La MTHFR es una enzima reguladora implicada en
el metabolismo de la homocisteína que cataliza la reducción de
5,10-metilentetrahidrofolato a
5-metilentetrahidrofolato. Una mutación puntual
cambia C por T en el nucleótido 677 dando lugar a una sustitución de
valina por alanina en la posición 222. Esta mutación se traduce en
una pérdida de actividad enzimática (18).

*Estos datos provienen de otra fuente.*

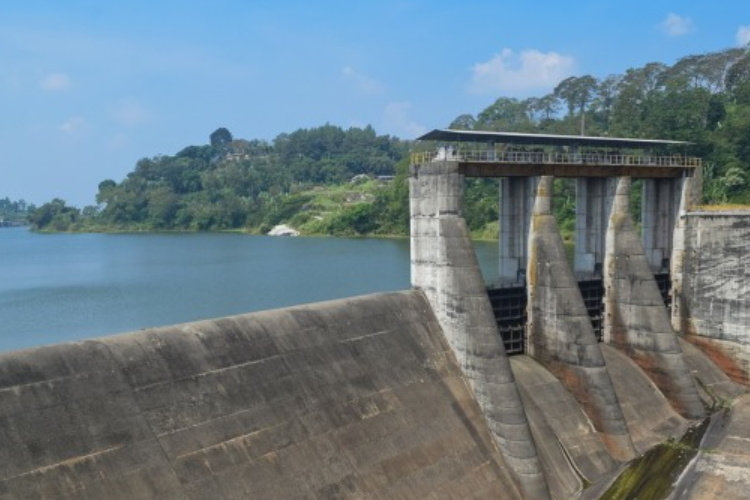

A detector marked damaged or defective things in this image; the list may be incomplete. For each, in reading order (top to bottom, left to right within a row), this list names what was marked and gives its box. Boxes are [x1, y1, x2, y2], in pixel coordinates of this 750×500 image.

corroded surface [0, 292, 524, 500] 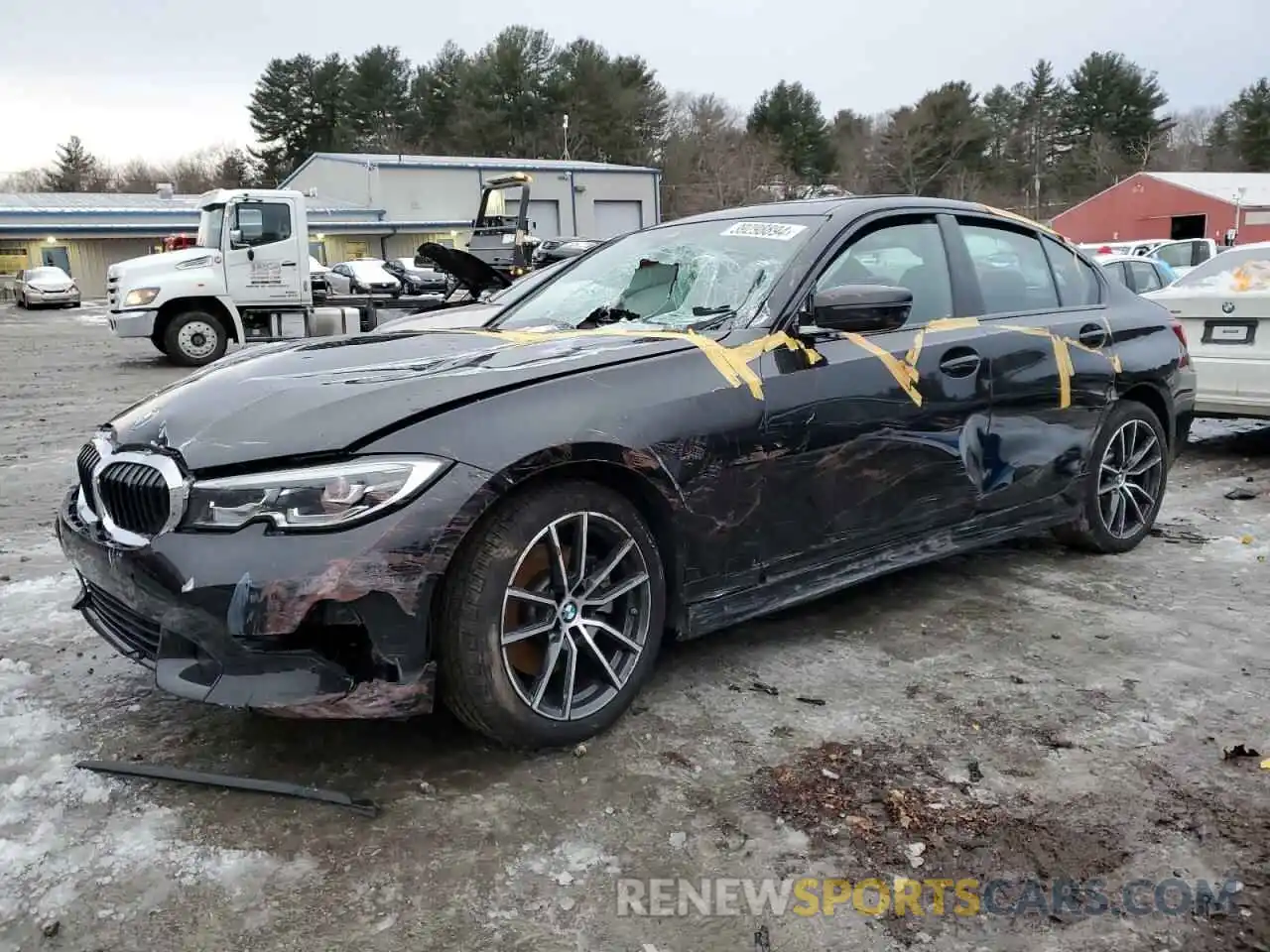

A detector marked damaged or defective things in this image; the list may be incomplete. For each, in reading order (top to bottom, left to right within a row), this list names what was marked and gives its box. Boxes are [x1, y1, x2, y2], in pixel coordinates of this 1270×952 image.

shattered windshield [490, 218, 818, 332]
dented hood [106, 329, 705, 472]
damaged headlight [182, 459, 449, 533]
damaged black bmw sedan [57, 197, 1189, 751]
torn fender liner [255, 669, 439, 721]
torn fender liner [74, 767, 378, 817]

El efecto de esta
mutación en la trombosis venosa no está bien definido y parece que
no es un factor de riesgo independiente de trombosis venosa. El
metabolismo de la homocisteina se sitúa en la intersección de dos
vías metabólicas la de transulfuración y la de remetilación: las
mutaciones involucradas son 5-10
methylenetetrahydrofolate reductasa (MTHFR: genes C677T y Al298C),
metionin sintasa y la metionin sintasa reductasa (MTRH: gen A66G).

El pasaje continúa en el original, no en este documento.